Scaffold, a sculpture by Sam Durant, stands in the Minneapolis Sculpture Garden. The art work is a reflection on the country's long history of institutionalized killing and references the hanging of 38 Dakota men among other executions. After swift community outcry, it will be dismantled and later ceremonially burned.

Evan Frost/MPR News

If you were just passing by Sam Durant's huge wooden structure in the Minneapolis Sculpture Garden, you could easily mistake it for a two-story high jungle gym. Indeed, it's designed to be climbed and explored.

"Maybe you are not sure quite what it is, but it looks interesting, it looks playful," Durant explained in a 2014 video. "It's something that kids might think of as, yeah, a big jungle gym kind of thing."

Durant intended for that playfulness to draw people in to a more serious conversation. The work is called Scaffold and it's a commentary on capital punishment in the U.S. It includes design elements from gallows used in a seven historic executions including those of abolitionist John Brown, and Saddam Hussein.
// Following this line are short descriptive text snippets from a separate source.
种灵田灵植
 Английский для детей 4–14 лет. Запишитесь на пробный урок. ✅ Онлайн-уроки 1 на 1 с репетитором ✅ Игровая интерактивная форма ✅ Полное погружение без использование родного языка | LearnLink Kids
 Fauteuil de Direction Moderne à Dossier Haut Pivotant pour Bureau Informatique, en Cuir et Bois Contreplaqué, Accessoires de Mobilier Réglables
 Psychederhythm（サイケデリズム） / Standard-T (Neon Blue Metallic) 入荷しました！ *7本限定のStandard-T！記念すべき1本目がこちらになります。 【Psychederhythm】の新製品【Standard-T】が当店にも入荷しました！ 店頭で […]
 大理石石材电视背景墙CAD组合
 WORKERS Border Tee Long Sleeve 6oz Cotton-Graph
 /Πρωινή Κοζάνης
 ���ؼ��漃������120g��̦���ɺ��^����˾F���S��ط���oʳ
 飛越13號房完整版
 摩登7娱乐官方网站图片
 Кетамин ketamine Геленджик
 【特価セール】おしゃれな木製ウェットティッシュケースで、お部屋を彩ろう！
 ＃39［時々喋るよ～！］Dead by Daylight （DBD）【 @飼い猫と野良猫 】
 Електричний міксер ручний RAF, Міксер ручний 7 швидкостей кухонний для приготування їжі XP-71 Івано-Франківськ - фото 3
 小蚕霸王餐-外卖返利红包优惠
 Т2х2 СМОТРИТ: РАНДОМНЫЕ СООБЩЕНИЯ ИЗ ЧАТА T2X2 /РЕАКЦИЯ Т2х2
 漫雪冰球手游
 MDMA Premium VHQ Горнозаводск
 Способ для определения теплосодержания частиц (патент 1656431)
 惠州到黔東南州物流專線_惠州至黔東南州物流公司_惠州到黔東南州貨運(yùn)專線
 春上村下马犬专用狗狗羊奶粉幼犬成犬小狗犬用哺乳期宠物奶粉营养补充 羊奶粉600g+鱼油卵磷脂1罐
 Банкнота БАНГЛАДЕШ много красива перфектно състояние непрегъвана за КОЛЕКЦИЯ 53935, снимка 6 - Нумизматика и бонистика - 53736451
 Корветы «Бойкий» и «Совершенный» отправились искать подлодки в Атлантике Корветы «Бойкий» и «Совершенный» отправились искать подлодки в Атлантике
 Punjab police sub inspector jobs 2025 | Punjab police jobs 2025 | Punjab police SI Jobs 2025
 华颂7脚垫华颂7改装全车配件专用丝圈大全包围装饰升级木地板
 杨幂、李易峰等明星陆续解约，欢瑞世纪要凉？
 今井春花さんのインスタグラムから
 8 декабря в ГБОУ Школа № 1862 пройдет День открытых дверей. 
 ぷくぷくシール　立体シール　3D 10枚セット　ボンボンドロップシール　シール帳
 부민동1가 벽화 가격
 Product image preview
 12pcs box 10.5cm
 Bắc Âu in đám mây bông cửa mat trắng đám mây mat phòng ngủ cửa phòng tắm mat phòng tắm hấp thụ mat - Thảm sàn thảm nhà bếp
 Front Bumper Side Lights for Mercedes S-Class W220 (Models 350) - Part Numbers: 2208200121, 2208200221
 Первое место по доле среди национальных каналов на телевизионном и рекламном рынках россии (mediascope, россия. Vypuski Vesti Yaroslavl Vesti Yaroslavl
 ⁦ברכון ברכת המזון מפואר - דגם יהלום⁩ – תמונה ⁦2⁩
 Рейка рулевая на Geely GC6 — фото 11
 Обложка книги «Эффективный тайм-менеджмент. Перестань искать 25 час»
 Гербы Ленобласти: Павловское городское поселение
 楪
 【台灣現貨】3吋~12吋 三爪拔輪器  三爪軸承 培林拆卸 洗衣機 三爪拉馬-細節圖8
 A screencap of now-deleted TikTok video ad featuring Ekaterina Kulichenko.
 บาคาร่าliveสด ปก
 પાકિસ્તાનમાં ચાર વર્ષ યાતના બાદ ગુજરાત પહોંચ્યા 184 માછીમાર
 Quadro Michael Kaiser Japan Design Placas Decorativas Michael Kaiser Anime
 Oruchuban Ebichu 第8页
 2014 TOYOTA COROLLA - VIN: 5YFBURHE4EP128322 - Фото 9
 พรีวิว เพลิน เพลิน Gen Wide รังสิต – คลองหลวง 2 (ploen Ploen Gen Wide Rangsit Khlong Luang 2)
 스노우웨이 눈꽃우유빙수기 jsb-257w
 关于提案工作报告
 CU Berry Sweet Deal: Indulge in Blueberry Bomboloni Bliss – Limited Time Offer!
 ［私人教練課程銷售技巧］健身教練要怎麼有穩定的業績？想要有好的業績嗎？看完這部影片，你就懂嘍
But last week, the Walker Art Center which manages the Minneapolis Sculpture Garden, revealed that Scaffold also includes a reference to the mass hanging of 38 Dakota men following the U.S.-Dakota War of 1862. The War began when a local agency refused to deliver promised food to starving Dakota. The hanging in nearby Mankato, Minn., that followed the war is the largest in U.S. history, and 155 years later the pain has not diminished.

Within hours native people had set up a protest site outside the garden. "This is a murder machine that killed our people because we were hungry," says Sam Wounded Knee, a Crow Creek Dakota who protested the sculpture.

Speaking at a press conference at the Walker yesterday, Dakota elder Sheldon Wolfchild said he was stunned the museum had not consulted the community.

"It is beyond our comprehension that this could actually happen," Wolfchild said.

Wolfchild spoke after a mediation session among elders, the Walker, the Minneapolis Park Board and artist Sam Durant.

Durant said his intention was to raise questions about government sanctioned executions. He included a reference to Mankato because it was the largest U.S. mass hanging. The work has been exhibited in Germany and Scotland, but he realizes with its installation so close to the actual tragedy, he should have talked to the people living with the history.

"I just wanted to apologize for the trauma, the suffering that my work has caused," he said.

The mediation group decided the best course is to dismantle Scaffold and then some time later to burn the wood after a Dakota ceremony at Fort Snelling. It was the site of an infamous prison camp where many Dakota died after the war.

For its part, the Walker also apologized and said it will work to improve communication with the Dakota community. That includes commissioning native artists — perhaps even an artwork to fill the space left by Scaffold's removal.